Important: the function call is synchronous. The conversation pauses briefly while the function executes. In practice, you barely notice because the query returns quickly. But it's not a true background action — more like briefly flipping through a calendar.

In the prototype, the function reads a text file. In reality, that would be an API to Doctolib, a practice management system, or a calendar. Defining the interface is simple. The real work is in the backend: authentication, error handling, permissions, logging. That's the part you don't build in an afternoon.

4. Limitations of the Prototype

Uschi is a prototype. Built in an afternoon. Naturally, there are limits.

The voice sounds good but not perfect. In long sentences, you notice the synthetic character. Latency fluctuates between "instant" and "brief pause" depending on server load.

Speech recognition works reliably even with dialects and accents. Language switching works better than expected (Gemini supports 97 languages). And the personality comes through: the dry humor, the Cologne charm. Uschi doesn't feel like a bot.

What the prototype doesn't show: the entire telephony layer is missing. No SIP, no real phone number, no routing, no call forwarding. This is a browser demo with a microphone, not a finished phone assistant. From this demo to a system that reliably takes calls in a real practice is a long road.

5. Data Privacy: What You Need to Know

What happens to the voice data?

With Gemini 3.1 Flash Live, audio data is streamed in real time and, according to Google's API terms, not used for model training when you use the paid API. Data runs through Google servers. Details on regions and transient storage are in the terms of service; EU locations are available through Vertex AI.

For production use in Germany, you need a data processing agreement (DPA) with Google, a data protection impact assessment, and an announcement that the caller is speaking with an AI.

Important note for the medical context: Google's API terms of service explicitly exclude use "in clinical practice" and for "medical advice." A voice bot deployed in a medical practice must not provide medical assessments.

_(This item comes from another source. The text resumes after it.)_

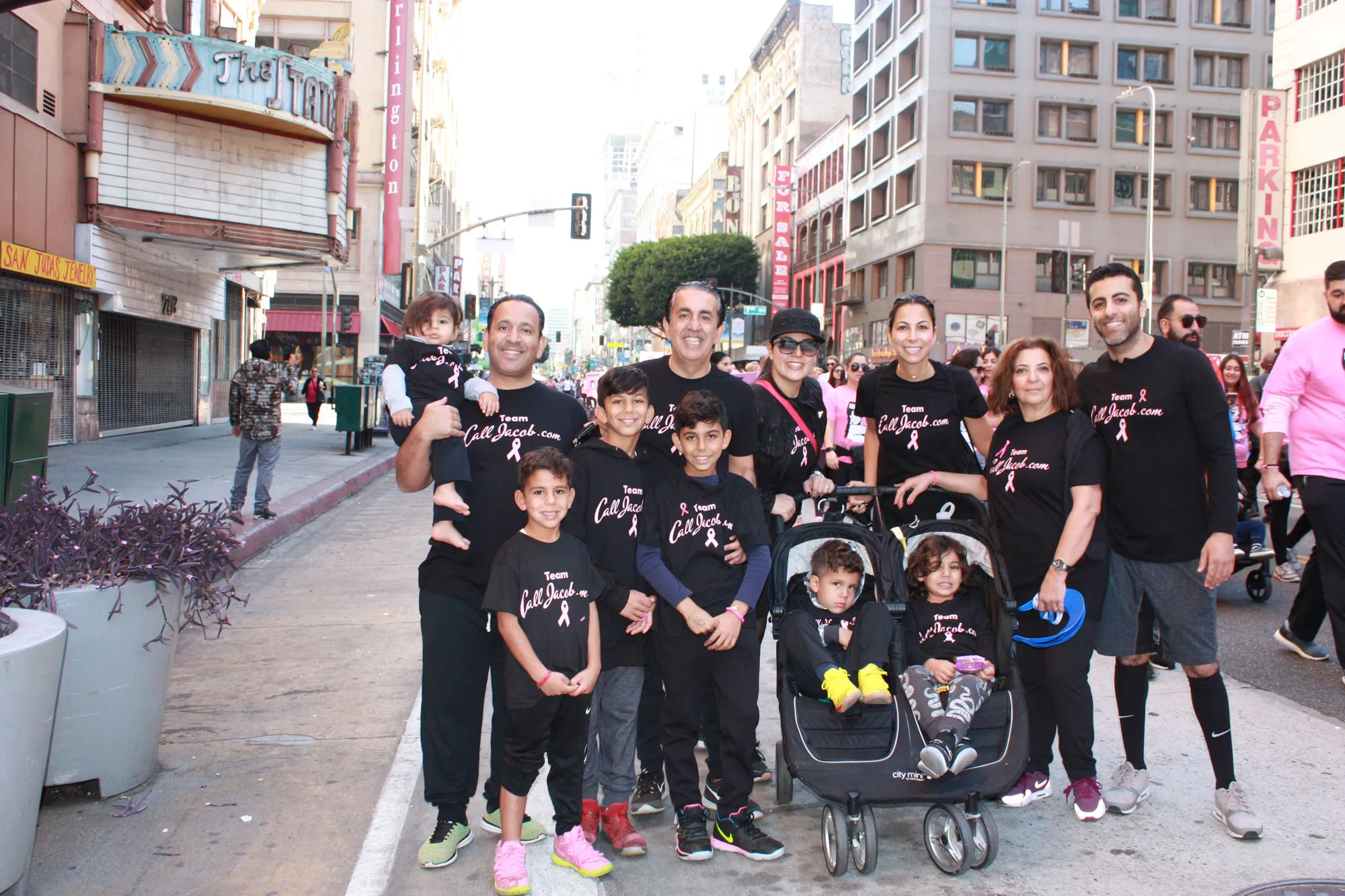 A group of people, including adults and children, smile and pose on a city street wearing matching black shirts with pink ribbons for a charity walk. Among them are lawyers raising awareness for car accidents and personal injury attorney services. Some kids are in a stroller.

For pure appointment scheduling and standard questions, that's fine — but the boundary must be clearly defined and technically enforced.

For a demo like this prototype, none of this is critical. For real practice operations with patient data, the architecture needs to be clean: stream audio only, don't store it. Pseudonymize transcripts. And a clear announcement at the start of the call.

6. Handoff to Humans

In a production system, the most important feature wouldn't be talking — it would be recognizing when a human needs to take over.

A voice bot in a practice would need to recognize when it's out of its depth: keywords like chest pain, shortness of breath, or emergency would need to be routed to a human immediately. And after three unsuccessful attempts, the AI should honestly say: "Let me connect you with someone from the team."

In the prototype, that's a few lines in the system prompt. In a real system, there's escalation logic, call forwarding, and a fallback for when no one is available.

Conclusion

It took me three hours to build a prototype that holds conversations, speaks 97 languages, and looks up appointments from a text file.

For a demo, that holds up. It's not a finished product. Between this prototype and a system that reliably takes calls in a medical practice lie telephony infrastructure, practice software integration, data privacy architecture, and extensive testing.

The conversation feels more natural than you'd expect from an API.

Tech Stack & Links

Model: Google Gemini 3.1 Flash Live (native audio-to-audio)
Backend: Python, FastAPI, WebSockets
Frontend: Vanilla HTML/JS, AudioWorklet API
Cost: A few cents per 3-minute conversation (Gemini)
Languages: 97, seamless switching mid-conversation

Frequently Asked Questions

Is it GDPR compliant? The prototype: uncritical for internal tests. A production system needs a DPA, data protection impact assessment, and AI transparency announcement. Google's API terms also exclude use for medical advice.

How far is this from a real phone assistant? A prototype takes an afternoon. A production-ready system with telephony integration (SIP/PSTN), practice software connection, data privacy, and escalation logic takes weeks to months.